START Data

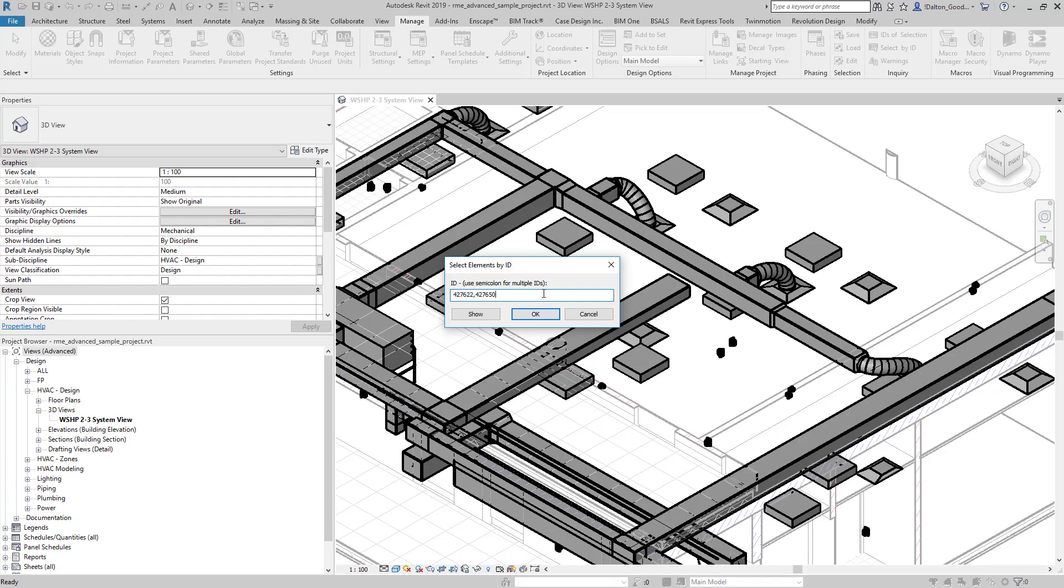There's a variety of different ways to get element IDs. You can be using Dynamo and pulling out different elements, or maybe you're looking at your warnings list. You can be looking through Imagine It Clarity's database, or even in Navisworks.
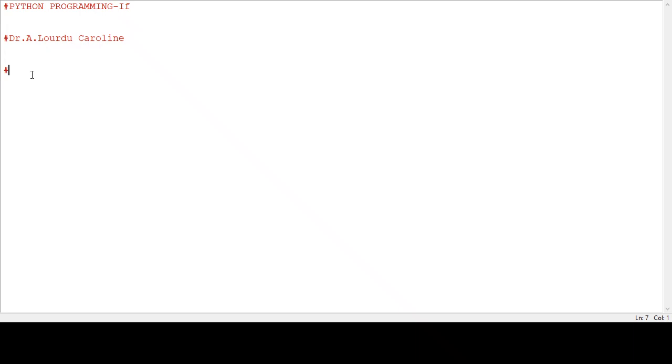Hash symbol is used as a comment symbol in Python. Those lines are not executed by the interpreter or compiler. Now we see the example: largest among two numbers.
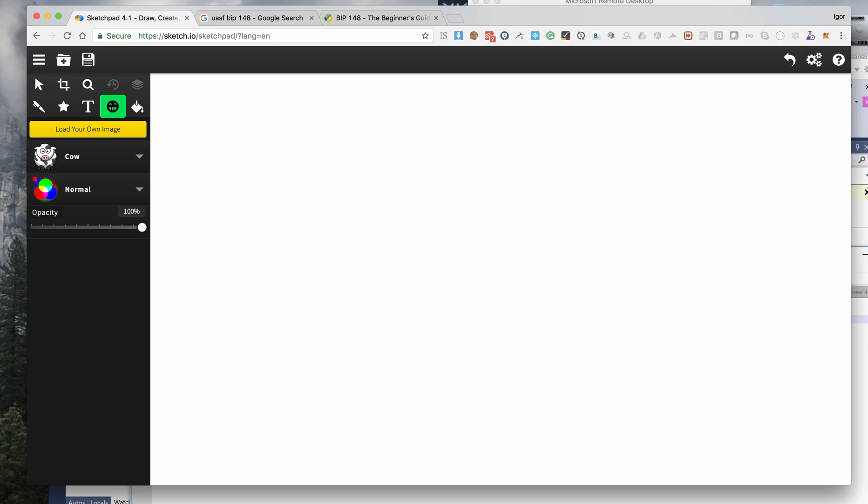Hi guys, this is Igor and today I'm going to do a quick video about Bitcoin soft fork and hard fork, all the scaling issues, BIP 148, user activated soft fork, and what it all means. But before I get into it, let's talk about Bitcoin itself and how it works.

END Data

Please reproduce the lines above from the one containing "Hash symbol is" through the final line, exactly and inclusively, leaving out each picture.

Hash symbol is used as a comment symbol in Python. Those lines are not executed by the interpreter or compiler. Now we see the example: largest among two numbers.
Hi guys, this is Igor and today I'm going to do a quick video about Bitcoin soft fork and hard fork, all the scaling issues, BIP 148, user activated soft fork, and what it all means. But before I get into it, let's talk about Bitcoin itself and how it works.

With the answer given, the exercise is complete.